Lipstye also points out the way that cultural norms shift with time: the author of Portnoy’s Complaint and Goodbye, Columbus was surveying the American social landscape well in advance of the #MeToo era. Not to mention that Roth’s main theme was “not so much sex but the idea of the individual in America, the immigrant or striver, the kid straining against the confines of the kind of appropriate behavior elders consider linked to success. A possibly immature but exuberant carnality was rebellion against conformity.”
In other words, through Roth’s “wit, fearlessness, and emotional acuity,” his work transcends simple us vs. them, sexual equivalencies.
For me, ignoring or refusing to acknowledge Philip Roth’s literary achievement because you don’t like the women (or lack of them) in his books is akin to saying that you don’t like Huckleberry Finn because it contains the n-word. I once had a heated argument with a well-known writer, improbably in the locker room of a swim club, about whether Milan Kundera’s The Unbearable Lightness of Being was a worthy book. She deemed it less so, because he is “a male chauvinist, like his pal Philip Roth.” I wasn’t having it.
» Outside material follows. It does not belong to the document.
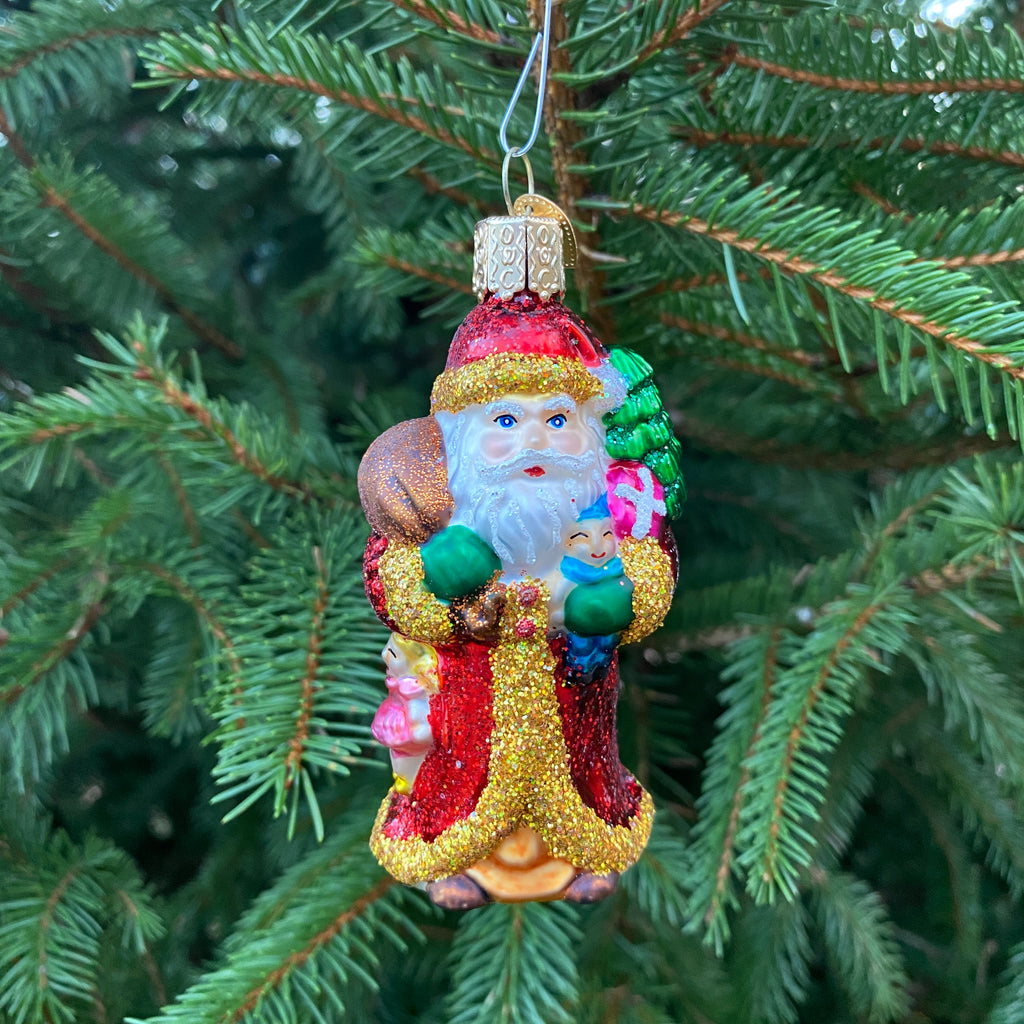 Father Christmas With Gifts Christmas Ornament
Reading Roth as a young woman was subversive: As I recall, after my Catholic mother found my dog-eared copy of Portnoy, along with an edition of Newsweek with Sophia Loren on the cover in a wet T-shirt, she delegated both to the trash can. But it was too late.
I’m with Times reader Vera Mehta of Brooklyn, who wrote about reading Portnoy as a new arrival to London from Mumbai, India, when she was pregnant and unemployed. Up to that point in her life, she had very little knowledge of American literature: “All my favorite authors were 18th and 19th century British novelists. There was nothing in my experience that I could ‘relate to’ in Portnoy’s story, but after finishing it, I became one of Philp Roth’s most ardent and lifelong fans.
“That anyone could be so funny and write so well about the human condition and all its weirdness, absurdity and vulgarity was a revelation.”
Her last words are key: if a writer gives his or her characters a life on the page that conveys the beauty, absurdity, and even cruelty—in the case of crime fiction—of the world we live in, readers will follow—man, woman, or child.